— Скажите ему, что я тоже республиканец, — медовым голосом произносит Луи Филипп, и на лице его, напоминающем спелую грушу, играет благодушная улыбка.
Беранже тотчас же передают слова короля. «Знаем мы таких республиканцев», — думает он, но ему не хочется вступать в спор, лучше отшутиться.
— Скажите королю, что я слишком стар, чтоб заводить новые знакомства, — говорит он.
Нет, Беранже не прельщают ни должности, ни мундиры, ни галуны, ни пенсионы. Неподкупный. Таким он останется всегда и перед собственной совестью, и в глазах друзей, и — главное — перед лицом народа.
Первые дни после революции Беранже говорил, что вместе с Карлом X свергнута с трона и его песня. Но чем дальше от июльских «славных дней», тем виднее становится ему, что колчан его не иссяк. Одна из первых песен, созданных им после Июльской революции, обращена к друзьям, которые стали министрами.
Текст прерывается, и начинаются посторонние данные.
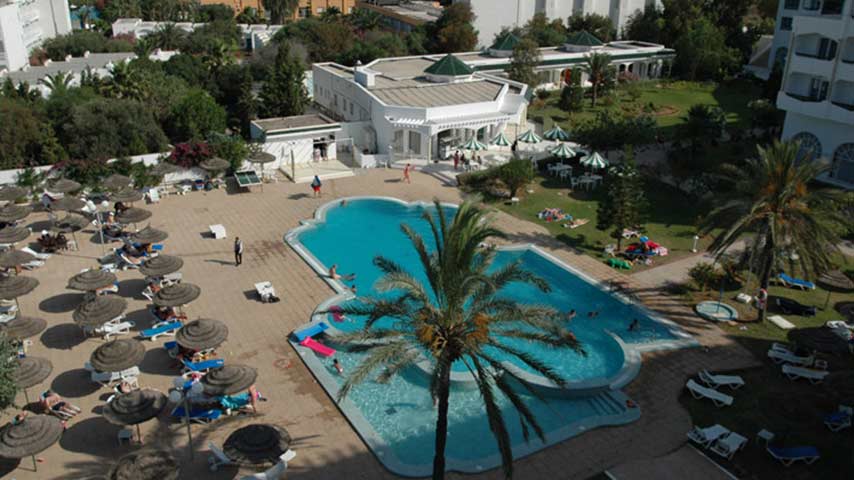 Hotel Jinene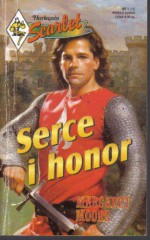 Serce i honor - Margaret Moore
Так она и называется.
Эта первая строфа песни с провозглашенным в ней скромным идеалом счастья как бы отбрасывает поэта ко временам «Обители беззаботных», когда он был еще вдали от боев.
Но заключительная строфа широко раздвигает рамки прежнего его демократически-эпикурейского идеала:
Здесь твердо проведены линии размежевания: по одну сторону — власть имущие, кормщики Июльской монархии; по другую — обиженная свобода, обиженный народ и его песенник, еще не потерявший голоса.
Год спустя этот же мотив отмежевания от корифеев монархии Луи Филиппа прозвучит еще резче и непримиримей в песне «Отказ», адресованной министру иностранных дел Себастиани. Некогда пылкий либерал, Себастиани, получив министерский портфель, соответственно «перестроился». Негодование демократических кругов вызвали слова его, сказанные после подавления польского восстания: «Порядок царствует в Варшаве».
И этот блюститель «порядка» предложил Беранже пенсион.
Пусть карман поэта дыряв и почти всегда пуст, но в подачках от министров поэт не нуждается.
«Друзья-министры», однако, предпочитают не замечать выпадов Беранже.
Пусть он перестал навещать министерскую канцелярию, министры сами спешат в его квартирку на улице Овернь, 30. Если не застают его дома, то готовы подождать в кухаркиной комнате. Все тяжелее вздыхает под бременем портфеля юстиции старый Дюпон де Л’Ер, все резче складки на лбу Лаффита, который теряет понемногу былой апломб. Все грустней опускаются уголки рта у старого «бравого» Лафайета. Только Тьер как рыба в воде, пусть водица и мутновата. Это, может, даже удобнее для него. Он не пропадет, сумеет взять свое.
Да, муть сгущается. «Друзья-министры» запутались, растерялись, перессорились, очутились во враждующих между собой партиях. Те, кто полевее и кто, подобно Лафайету, и впрямь рассчитывал на «лучшую из республик», день ото дня теряют свои надежды. «Лучшая из республик» вовсе не расположена насаждать демократию. На взгляд короля Лур Филиппа, достаточно и того, что число избирателей немного расширено по сравнению с тем, какое предусматривалось в хартии Людовика XVIII. Луи Филипп произносит еще при случае либеральные фразы, поддерживая репутацию короля-гражданина. Прохаживается по улицам Парижа с зонтиком в руке, останавливаясь покалякать с добрыми буржуа. Но важнее всего для него благоволение действительных хозяев страны — банкиров, финансистов, держателей акций, крупных землевладельцев.